Efficient Organic Light Emitting Diodes Using Solution-Processed Alkali Metal Carbonate Doped ZnO as Electron Injection Layer

Introduction

Organic light-emitting diodes (OLEDs) have been extensively investigated as a promising technology for energy-saving lighting and large-area flexible displays (Kido et al., 1995; Forrest, 2004; Sasabe and Kido, 2010; Higuchi et al., 2015; Li et al., 2016). Typically, there are two kinds of device structures mainly used in OLEDs, i.e., conventional and inverted structures. Compared with the conventional structure, the inverted OLEDs (IOLEDs), which use the air stable metals as top anode and indium-tin-oxide (ITO) as the cathode, have been considered as an advantageous approach to improve the stability and the roll-to-roll fabrication process of flat-panel display (Chu et al., 2006; Morii et al., 2006; Sessolo and Bolink, 2011; Chen et al., 2012; Guo et al., 2017; Fukagawa et al., 2018). Moreover, one benefit of the IOLED is to take advantage of the existing n-type amorphous silicon thin film transistor (a-Si TFT) technology for the development of the active-matrix driving OLED technology (Kabra et al., 2010; Hsieh et al., 2011; Zhong et al., 2011; Park et al., 2015; Hosono et al., 2017).
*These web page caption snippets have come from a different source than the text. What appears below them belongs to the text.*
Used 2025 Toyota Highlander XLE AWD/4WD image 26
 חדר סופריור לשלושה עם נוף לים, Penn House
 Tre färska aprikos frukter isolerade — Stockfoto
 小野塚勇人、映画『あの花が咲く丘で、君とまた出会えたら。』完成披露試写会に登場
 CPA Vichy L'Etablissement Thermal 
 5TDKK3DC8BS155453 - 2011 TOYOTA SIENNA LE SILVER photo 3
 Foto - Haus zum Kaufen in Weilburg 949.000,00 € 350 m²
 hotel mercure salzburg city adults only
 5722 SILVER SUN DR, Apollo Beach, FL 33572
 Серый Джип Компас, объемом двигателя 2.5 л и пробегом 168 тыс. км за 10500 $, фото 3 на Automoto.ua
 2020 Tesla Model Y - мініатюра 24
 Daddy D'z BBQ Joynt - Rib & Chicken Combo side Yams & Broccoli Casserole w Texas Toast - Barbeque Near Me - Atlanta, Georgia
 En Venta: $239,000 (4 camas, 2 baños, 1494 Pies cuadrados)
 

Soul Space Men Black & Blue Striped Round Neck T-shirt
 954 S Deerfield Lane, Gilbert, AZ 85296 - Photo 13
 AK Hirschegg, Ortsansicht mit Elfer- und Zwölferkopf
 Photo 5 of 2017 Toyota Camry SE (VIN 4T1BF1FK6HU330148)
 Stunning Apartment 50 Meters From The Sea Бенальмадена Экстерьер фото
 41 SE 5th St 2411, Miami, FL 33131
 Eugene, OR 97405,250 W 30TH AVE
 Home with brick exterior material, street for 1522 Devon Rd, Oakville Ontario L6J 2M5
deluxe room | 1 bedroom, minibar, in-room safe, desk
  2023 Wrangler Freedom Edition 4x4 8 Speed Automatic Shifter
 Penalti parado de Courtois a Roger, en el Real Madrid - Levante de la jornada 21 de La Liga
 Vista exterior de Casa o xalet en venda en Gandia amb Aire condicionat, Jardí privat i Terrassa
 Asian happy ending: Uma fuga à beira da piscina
In an IOLED device, ITO is used as the electron injection cathode while metal electrode acts as hole injection anode. To facilitate electron injection from ITO into the upper electron transporting or light-emitting layers, the electron injection layers (EILs) are usually coated onto the ITO cathode. Moreover, introducing the EIL into the OLED devices can also efficiently reduce the driving voltage and improve the power efficiency in the same time (Guo et al., 2017). Up to date, some inorganic alkali metal-containing materials (such as LiF and Cs₂CO₃), metal oxide materials (such as TiO₂, ZnO, and ZrO₂) and ionic π-conjugated polymers have been reported as efficient EIL for high performance OLEDs (Tokmoldin et al., 2009; Kim et al., 2014; Chiba et al., 2015; Zhao et al., 2017). Among all these EIL materials, ZnO has attracted increasing attention for being used in IOLED because ZnO is environmentally stable, low-cost and has high transparency in visible region (Chen et al., 2016). In particular, the solution-processed ZnO film has been widely used as an EIL in the IOLED configuration due to its advantages of optical transparency, low work function, high electron mobility and good electron selective, and hole blocking contact (Bolink et al., 2007; Chiba et al., 2012; Dong et al., 2017). However, the ZnO EIL based IOLED demonstrates ordinary device performance owing to the injection barrier between ZnO EIL and the adjacent electron transporting layers (ETL) caused by the still high work function of ZnO film (Höfle et al., 2014). Thus, there is an urgent need to develop a new technique to improve the injection efficiency of ZnO EIL based IOLEDs.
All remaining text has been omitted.